I've got the competitor in the cheap controllers: the CTR-301P.  So far no misfires or failure to fire, seems good build quality, allows optical or radio control of the flash.

I've just used it "normally" though, I haven't tested maximum distance etc. yet.


----------



## CxThree

I've used the CTR-301P quite a bit and found it to be very solid.  I've used them in studio and out on location.  Well worth the money for sure.  No misfires yet.


----------



## photobazz

I have to say that I have been using the Cactus V4 triggers professionally for quite sometime and for the price you can't fault them. I agree with previous posts that if you are earning a great deal of money from your photography for shear reliabilty & durabilty you should invest in pocketwizards.

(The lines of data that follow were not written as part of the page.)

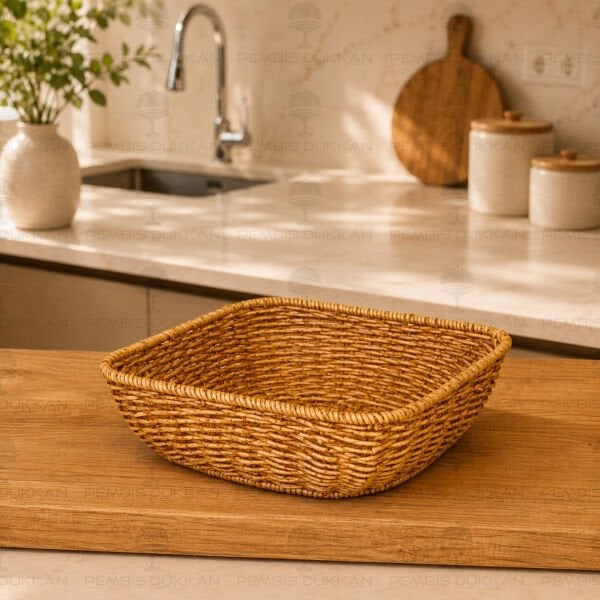 Rattan Büyük Kare Sepet 085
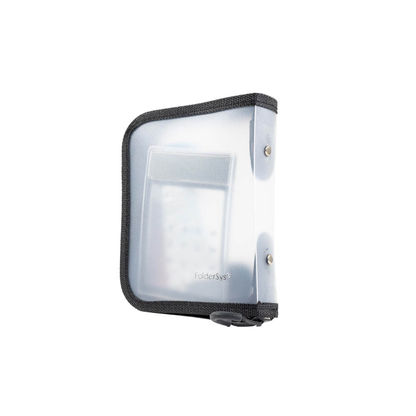 Artikelbild 7 für FolderSys Reißverschlussbeutel Mini DIN A6 transparent/schwarz 0,5 mm, 1 St., Artikelnummer 592564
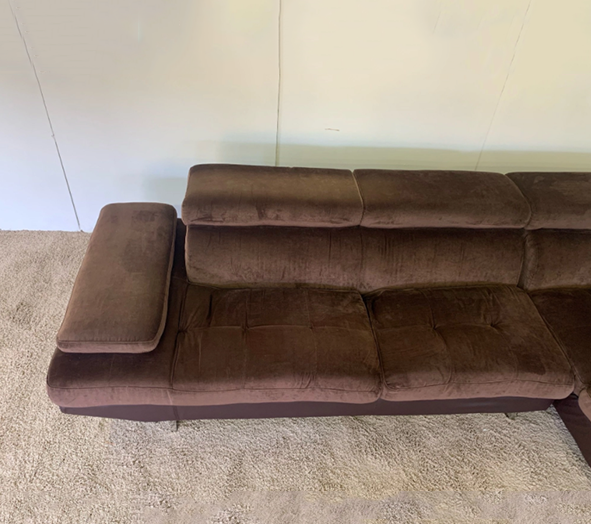 Modern Sectional – Brown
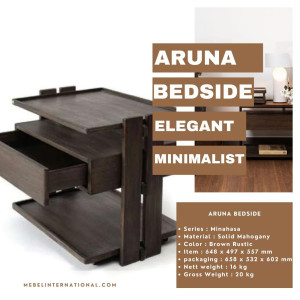 Aruna Bedside Table
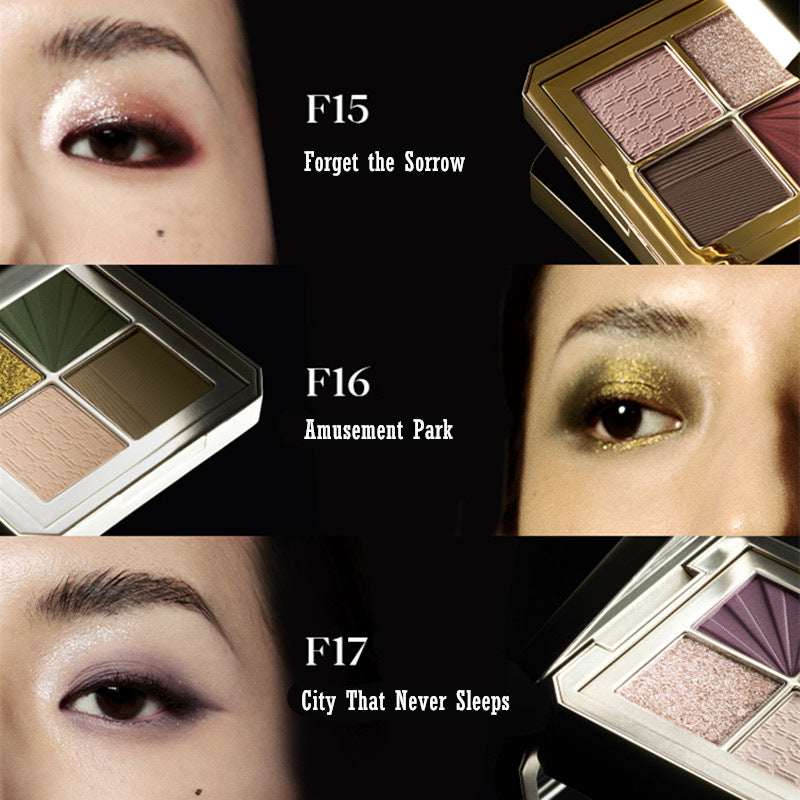 JOOCYEE Neo Deco Series 4-Color DIY Eyeshadow Palette T3192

Saying that I was very surprised with the quality of the V4's and they haven't let me down yet. So all in all they are a sound investment (for the price).

FYI: I found it quite hard to get hold of these in the UK but found this online store that sell them...

Camera Accesories and triggers

Barrie Gordon
Wedding Photographer Watford


----------



## davidw

I've been using 4 Cactus 4s. Found them very reliable and they are good value for money. However, the internal battery connections are fragile. If you drop a receiver with batteries fitted, the weight of the batteries can bend the contacts and make the thing unusable.  I've now got one broken one having snapped a contact trying to bend it back. So, electrical design seems good, but mechanical design seems poor.

Recommended, just remove batteries during transport and setup.


----------



## benhasajeep

I did a short review on the V4's a while ago. With fresh batteries and clear line of site outdoors they were reliable (20 for 20) at 225' (measured). Approaching 250' and longer misfires started to show. They would fire at 300' but 1 of 2 flashes were intermittent. Antanna position is important. It does matter if its up or down and if anything is in front of it. I even notice a performance change if you turn the camera say 90 to the left. So, the addition of the antenna and position does make a difference.

I now have 2 transmitters and 12 recievers. Not one has failed or broken. They get used probably 3-4 times a month so they are not getting a daily beating. Still happy with them after about 9 months (first 6). Ordered another 6 was so satisfied with them.


----------



## eric-holmes

Just bringing up an old topic. Everyone still loving their V4's? Is there a sync that does iTTL for Nikon?


----------



## table1349

radiopopper - home


----------